Lo que Amelio en Lamerica narra con generosidad conmovedora, deduce con audacia enorme y representa con precisión matemática, parece en realidad imposible de narrar, deducir y representa en la angostura de una pantalla: un infierno, un inabarcable infierno de ahí al lado. No se trata de un vuelo teológico o especulativo, sino del esfuerzo de un cineasta de raza (rama del inagotable tronco de Roberto Rossellini) para -dejando la ficción reducida a una mínima presencia en forma de médula e hilván- construir el documento de un hormiguero humano reconocible, verídico y que está ahí, en el mísero rincón de Europa que llamamos Albania. Durante los días en que la población de este infortunado país, aplastada, reducida a una hacinada reserva animal y sojuzgada durante decenios por el fascismo estalinista, salió desesperada de sus casas, huyó de sus pueblos, rodeó las ciudades y detrás de ellas buscó puertos y comenzó a huir hacia un rincón italiano de la panzuda Europa opulenta, que rechazó esta invasión de hambrientos como se rechaza la peste, como quien rechaza, ante un espejo su verdadero e insoportable rostro oculto.

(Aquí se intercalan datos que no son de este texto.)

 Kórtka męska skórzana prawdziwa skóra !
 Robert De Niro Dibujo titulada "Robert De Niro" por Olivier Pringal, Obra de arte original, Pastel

Amelio lo expresó con concisión: todos somos albaneses.

El filme se sostiene sobre esa irrefutable deducción moral: todos somos albaneses. En un escaparate perfumado del primer mundo asoma de pronto, como una pesadilla, el hedor del Tercer Mundo y, tras este surgimiento, asoma a su vez la idea de que el infierno verídico que viven esos millones de hombres -e incontables más en el resto del planeta- es obra nuestra, porque necesitamos ese y otros abismos para sostenernos, del mismó, modo que la idea de bienestar (no en cuanto categoría moral y social, sino como consigna económica y política) se sostiene sobre la de malestar y la alimenta, la segrega, la genera. Todos somos albaneses porque nuestros edredones flotan sobre ese y otros abominables vacíos de humanidad.

Con la diferencia de que este infierno no es un asunto remoto, sino que está ahí al lado, a un solo golpe de remo de las costas de Italia. Y el italiano Amelio no hace concesiones y lo cuenta en una de las más conmovedoras, terribles y hermosas películas que pueda uno imaginar a estas alturas de un arte que parece haberlo dicho, ya todo, pero al que -cuando hay detrás de una cámara una mirada cargada con el talento de la generosidad y el sentido del escándalo- le quedan todavía muchas cosas que contar, que decir y que representar. Lamerica es una de ellas: cine sobrecogedor, inédito, rebosado por el esplendor del gran oficio de hacer películas cuando éste se alía -como se alió en la mirada de Pasolini, Buñuel, Rossellini, De Sica, Renoir, Guerman, Angelopoulos- al oficio de decir la verdad en medio de una higiénica factoría de mentiras, de falsas ficciones.

Filme-sacudida, película-zarandeo, cine-gesto de enorme fuste moral, Lamerica es una obra de arte fuera de serie y de norma: apasionante, dolorosa y, pese ello, reconfortante, pues nos devuelve la necesidad de peregrinar a los cines, como quien peregrina a los viejos santuarios.